A bit of Nuit Blanche Toronto history: Nuit Blanche made its Toronto debut in 2006, with 130 installations dotted around the city and focused in Yorkville, the Entertainment District and the Distillery. Since then, Toronto’s Nuit Blanche has become one of the largest and most successful events in the world, with last year’s event bringing in over a million visitors. Today Nuit Blanche is a cultural and economic powerhouse of an event that has generated over $300 million for the city.
This year’s theme, Continuum, explores the interconnectedness of life in the city, and the ever-advancing flow of time from night to day, day to night. Featuring works from over 300 local, national, and international artists, two curated exhibitions produced by the City of Toronto (in Scarborough and Fort York), and a full roster of performances and artists’ talks, Nuit Blanche Toronto 2019 promises to deliver.

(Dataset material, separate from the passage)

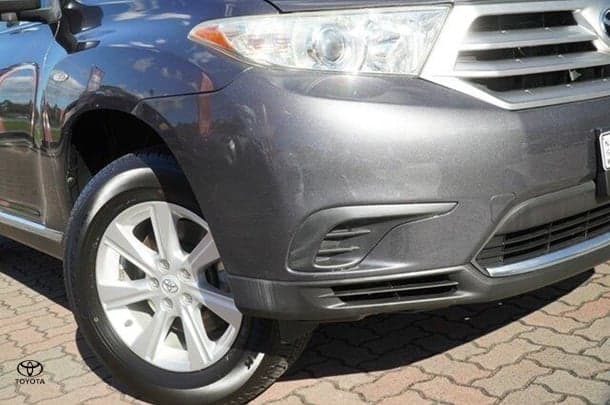 2013 Toyota Kluger KX-R in Grey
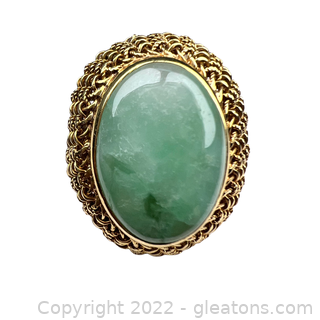 18kt Yellow Gold Jade Ring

This year’s exhibitions will be clustered in nine neighbourhoods around the city, so plan your route in advance in order to hit all of the hotspots. Many of the exhibits are located downtown within walking distance of some of the city’s top hotels, including the Anndore House. Visit the City of Toronto’s Nuit Blanche page for a complete list of all art projects and their locations. Subways will run all night long, as the TTC extends its regular all-night Blue Night Network to the entire system. If you are planning to visit exhibitions in Scarborough, good news – TTC access will be free from Scarborough Centre Station!

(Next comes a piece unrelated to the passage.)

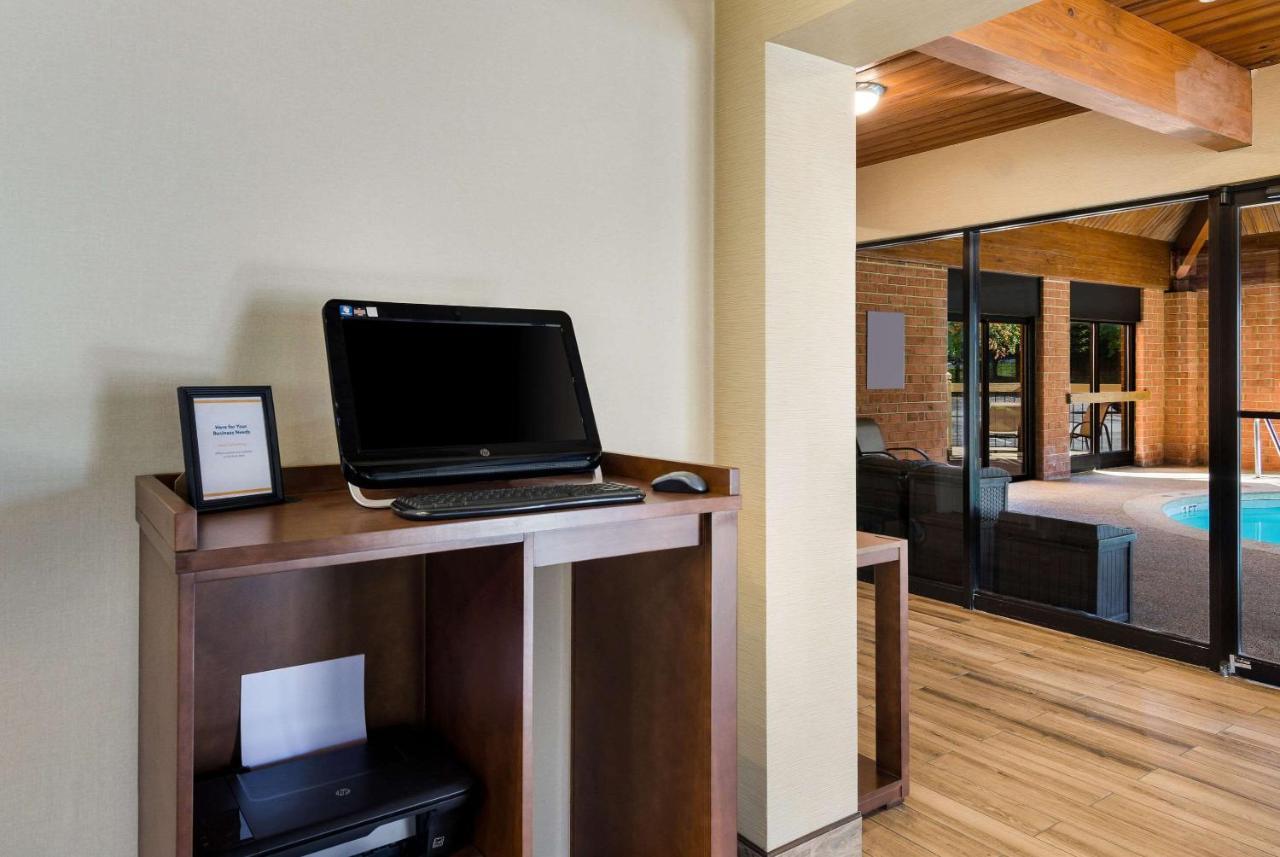 Comfort Inn Virginia Horse Center Lexington Exterior photo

The environment will be a major theme of this year’s event, with thought-provoking pieces that examine the humankind’s impact on the planet and the urgent need for climate action. Some highlights:
- Life of the Earth by Toronto’s Director X is a large-scale projection of the earth as seen from space. The multimedia installation, created in partnership with the Ontario Science Centre, takes the viewer on a journey through time, from Pangaea to the Anthropocene to an Earth 100,000 years beyond humankind. It is the follow-up to the artists hugely popular “Life of the Earth” installation, which wowed crowds at Nuit Blanche 2016.

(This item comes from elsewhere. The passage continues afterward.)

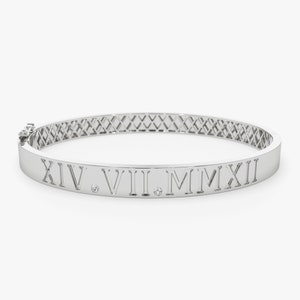 14K White Gold Roman Numeral Bracelet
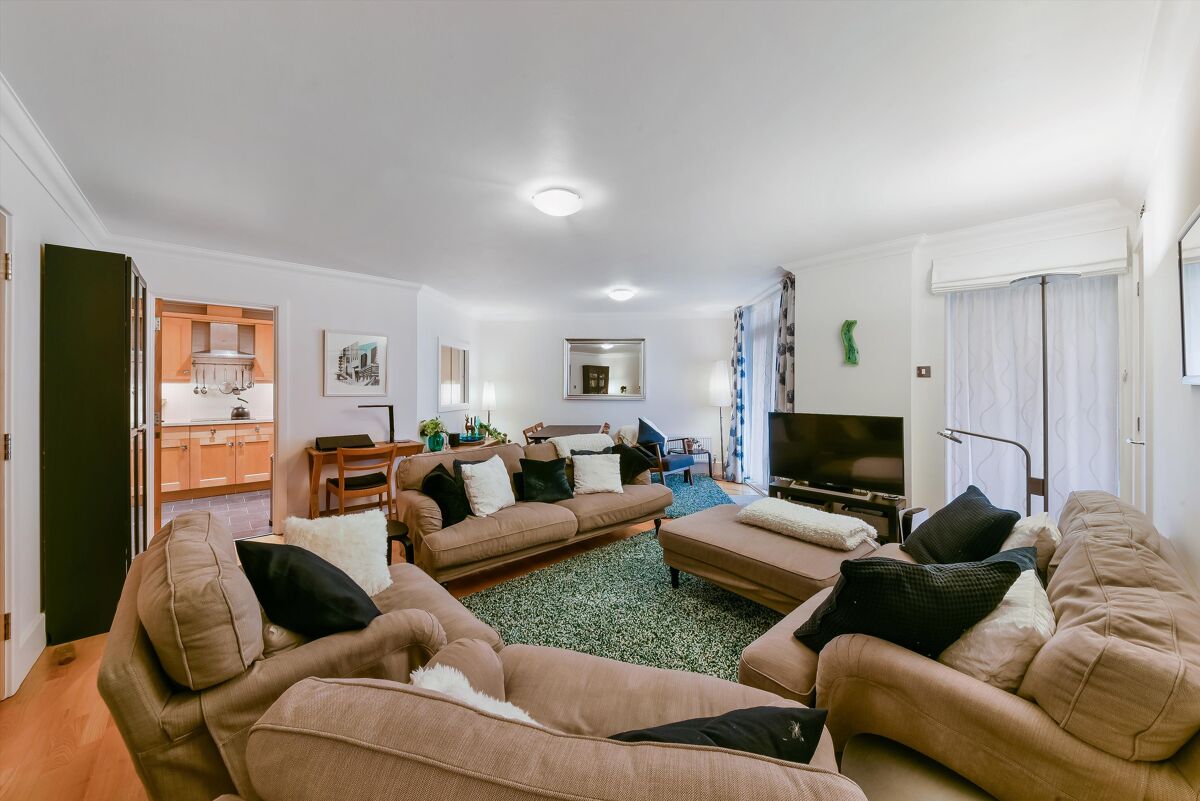 flat for sale in Narrow Street, London, E14 CNW012280593 Knight Frank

- Transformation by Nuit Blanche artists Fezz Stenton and Daniel Lanois is an interactive installation in the cathedral-esque MaRS atrium, located downtown at the intersection of College and University. The exhibit, which includes contributions by Canadian cultural icons including Margaret Atwood encourages viewers to examine their own behaviours and their impact on the earth as they wander through beautifully lit pathways of LED lights to an original musical score.